### Task data

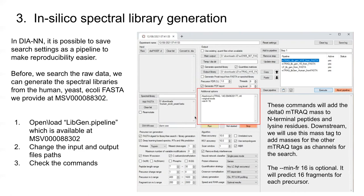We don't have to do that to get it to work. The other thing to make sure to do is make sure these boxes here are clicked. This is precursor ion generation. What this is going to do is read in the FASTA that you have, digest it based on whatever protease you select, and predict what are the spectra, the retention times, and the ion mobilities for each one of the precursors generated from your FASTA.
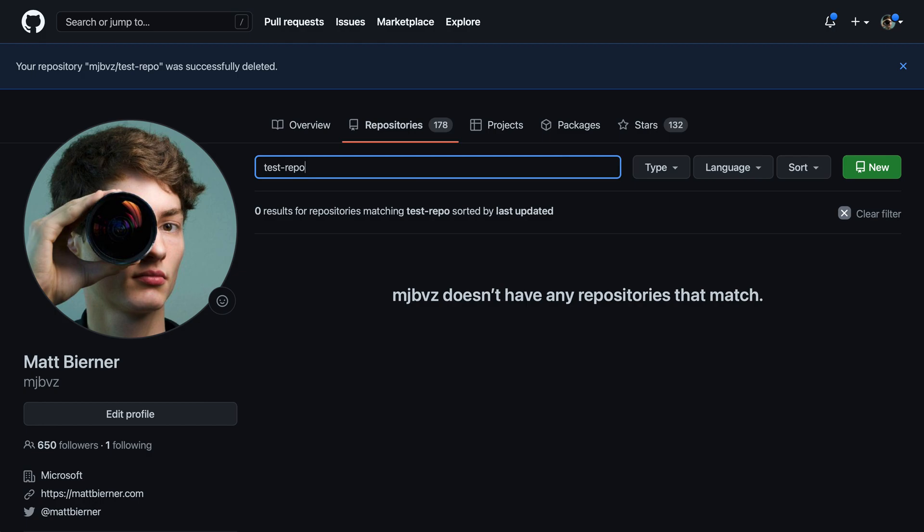So that's how you can delete a repository from GitHub. Keep in mind that this is a permanent operation, and that oftentimes you'll instead want to archive the repository, put it into a read-only mode instead of deleting it entirely.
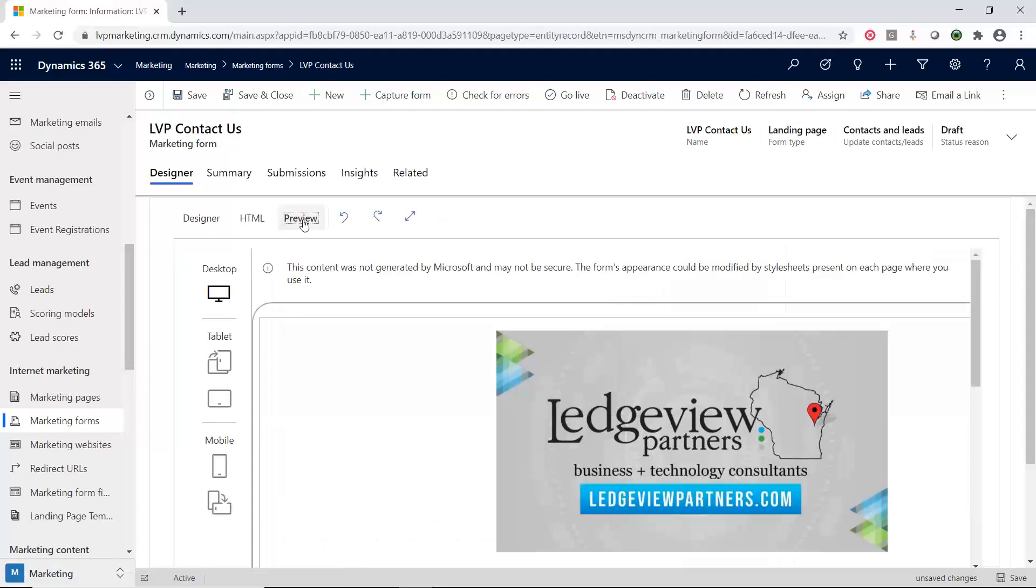I can do a preview. This is very similar to the preview you have seen in other tools that just shows you what it looks like if you're on a desktop compared to a tablet compared to mobile. It's showing you does it render properly as you go from a larger screen to a smaller screen.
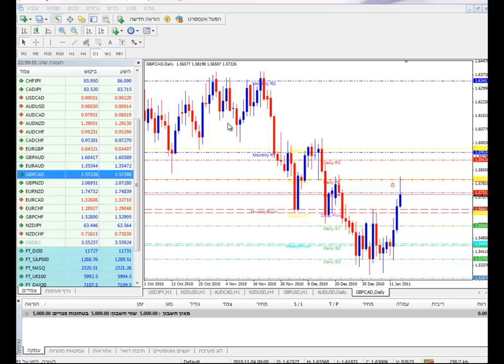כשהאוזי משקף עבורנו סוג של אופטימיות ופסימיות בשווקים - כשהוא יורד, הוא בדרך כלל יורד יותר, וכשהוא עולה, עולה יותר. דרך כלל האוזי מכין אותנו לירידות בשווקים ולעליות בשווקים, והוא לא פעם מקדים. יכולות להיות לכך סיבות רבות: כלכלה, ריביות וכדומה, מעבר לכך שהוא מטבע סחורות. (When the Aussie reflects for us a kind of optimism and pessimism in the markets - when it falls, it usually falls more, and when it rises, it rises more. Usually the Aussie prepares us for market declines and market rises, and it often leads. There can be many reasons for this: economy, interest rates and so on, beyond the fact that it is a commodity currency.)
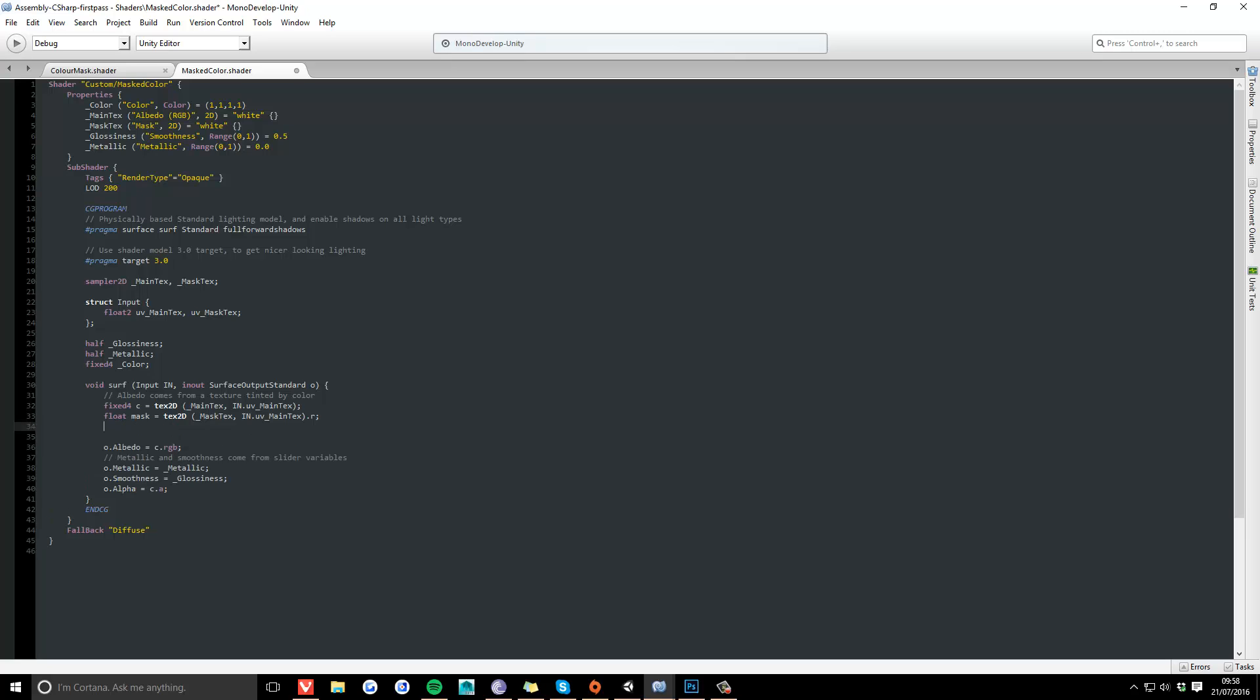Then the actual functionality: we say c.rgb equals c.rgb multiplied by 1 minus mask. So what this does is it inverts the mask and removes it from the texture.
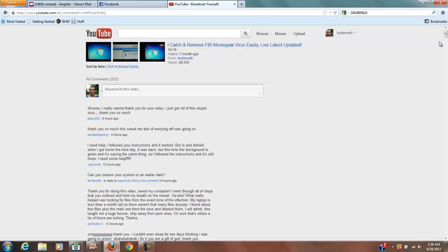I'm gonna go ahead and put a link to a page where if you feel like donating a dollar to ten, whatever - you know, feel free. But you know, absolutely I'm not asking for that. If you feel the generosity in your heart to do something like that, I'm just gonna put it down there so you can do that.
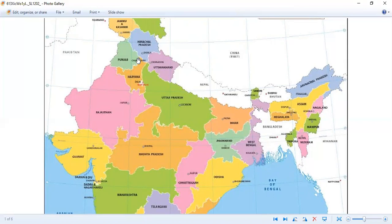The three capitals are Itanagar, Agartala, and Kohima. Which are the names of the three states that these three capitals belong to? Itanagar — the state is Arunachal Pradesh. Agartala — the state is Tripura. And for Kohima — the state is Nagaland. Please mark these three states on your empty political map of India.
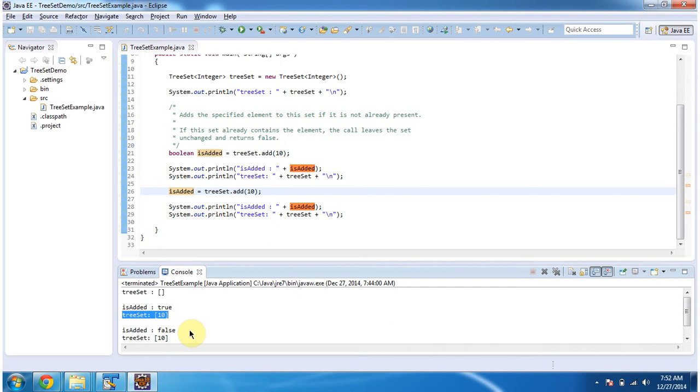And this is about how to add an element in the TreeSet using the add method. Thanks for watching. Bye.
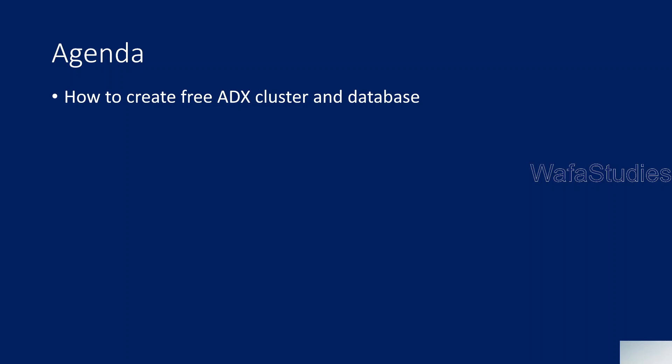So is there any other environment available for those scenarios? Then the answer is yes. You no need to have any Azure subscription to create a ADX cluster and database for your practice. You can create one very easily. That's what we are going to discuss in this video.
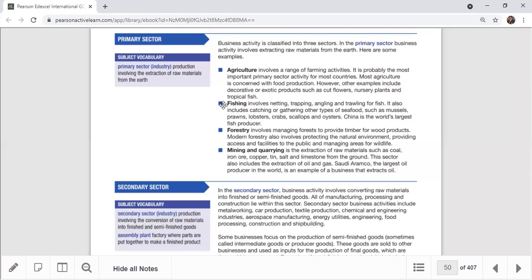Fishing involves netting, trapping, angling, and trawling for fish. Whatever method is used to catch fish from the natural environment — net, trap, angling, trawling, small or large scale — it belongs to the primary sector. This also includes catching other seafood such as mussels, prawns, lobsters, crabs, scallops, and oysters.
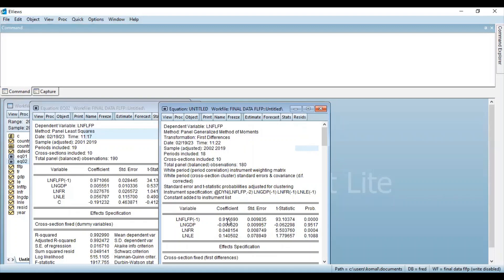This is how you can decide whether difference GMM or system GMM should be preferred. Once you have decided which model is more preferable, you can run and obtain the regression model accordingly. This model indicates that system GMM is more preferred. In the next video, I shall explain how you can obtain the regression coefficients using the system GMM model. Keep following the videos. Thanks for watching and don't forget to join my Telegram channel for queries and discussions — the link is attached in the description box. Have a great day.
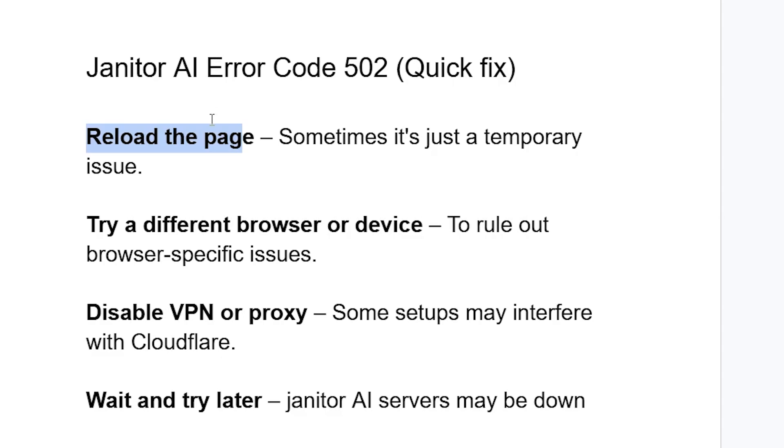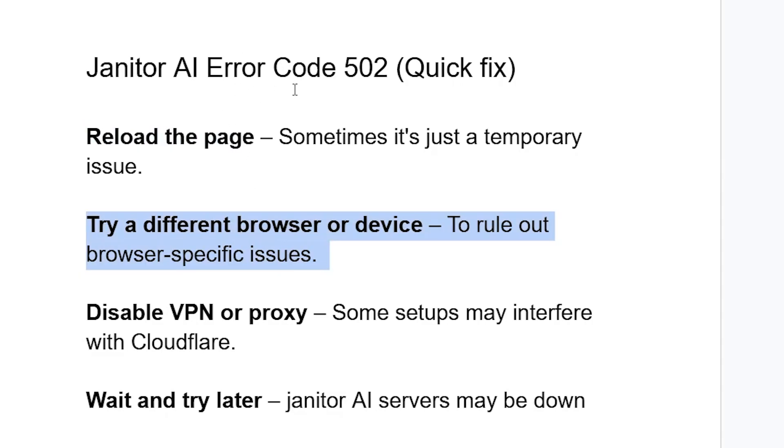Try a different browser or device to rule out browser-specific issues. You can try with a different browser or device and visit the Janitor AI website. If you've done so but you're still facing the same issue...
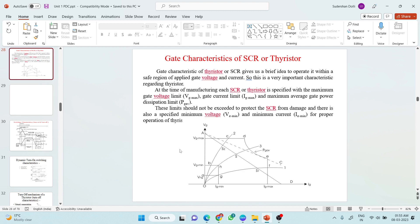Whenever an electronic component is manufactured, the manufacturer also publishes a data sheet along with it. The data sheet contains voltage ratings, current ratings, power ratings, and many more ratings related to that particular component. By referring to the voltage and current ratings, we can decide within what range the voltage or current should be applied so that the component works satisfactorily without being damaged. We must refer to the voltage and current ratings given in the data sheet.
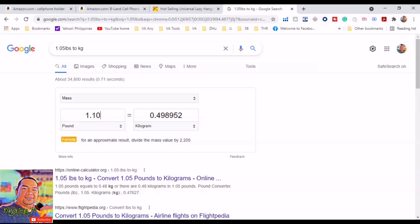We will get the exact weight of the item that we are about to source and convert it to kilograms, then multiply it by 4. The total amount would be the estimated shipping fee by the sea per unit. So we need to convert pounds to kilograms. 1.10 pounds is equivalent to 0.49 kilograms. So 0.49 times $4 would be $1.96. This would be our estimated shipping fee by the sea.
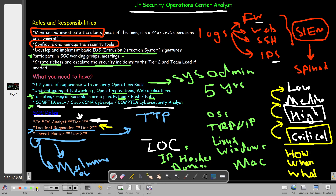One very important part of the junior SOC analyst's job is to follow the news constantly — stay up to date with the latest threats, understand TTPs, hunt for threats, and track APT groups (Advanced Persistent Threat groups). This is critical so you can configure your firewall and IPS with the right alerts and signatures to prevent attacks.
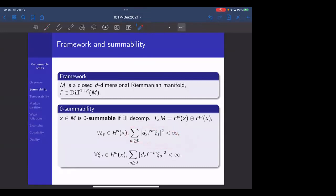For every tangent vector in the stable subspace, a certain summability quantity is finite, and similarly for every tangent vector in the unstable subspace. From this definition we can immediately see that every hyperbolic orbit satisfies this condition. The definition is lean — there is essentially no choice in the expression except for the exponent of two, and the parallelogram law tells us it has to be two for the induced norm to come from an inner product.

######

> **Aim of the task**: Reproduce the data above exactly, but only from the line containing "So that's how" through the line containing "I'm gonna go". Omit all pictures.

> **Result of this task**:
So that's how you can delete a repository from GitHub. Keep in mind that this is a permanent operation, and that oftentimes you'll instead want to archive the repository, put it into a read-only mode instead of deleting it entirely.
I can do a preview. This is very similar to the preview you have seen in other tools that just shows you what it looks like if you're on a desktop compared to a tablet compared to mobile. It's showing you does it render properly as you go from a larger screen to a smaller screen.
כשהאוזי משקף עבורנו סוג של אופטימיות ופסימיות בשווקים - כשהוא יורד, הוא בדרך כלל יורד יותר, וכשהוא עולה, עולה יותר. דרך כלל האוזי מכין אותנו לירידות בשווקים ולעליות בשווקים, והוא לא פעם מקדים. יכולות להיות לכך סיבות רבות: כלכלה, ריביות וכדומה, מעבר לכך שהוא מטבע סחורות. (When the Aussie reflects for us a kind of optimism and pessimism in the markets - when it falls, it usually falls more, and when it rises, it rises more. Usually the Aussie prepares us for market declines and market rises, and it often leads. There can be many reasons for this: economy, interest rates and so on, beyond the fact that it is a commodity currency.)
Then the actual functionality: we say c.rgb equals c.rgb multiplied by 1 minus mask. So what this does is it inverts the mask and removes it from the texture.
I'm gonna go ahead and put a link to a page where if you feel like donating a dollar to ten, whatever - you know, feel free. But you know, absolutely I'm not asking for that. If you feel the generosity in your heart to do something like that, I'm just gonna put it down there so you can do that.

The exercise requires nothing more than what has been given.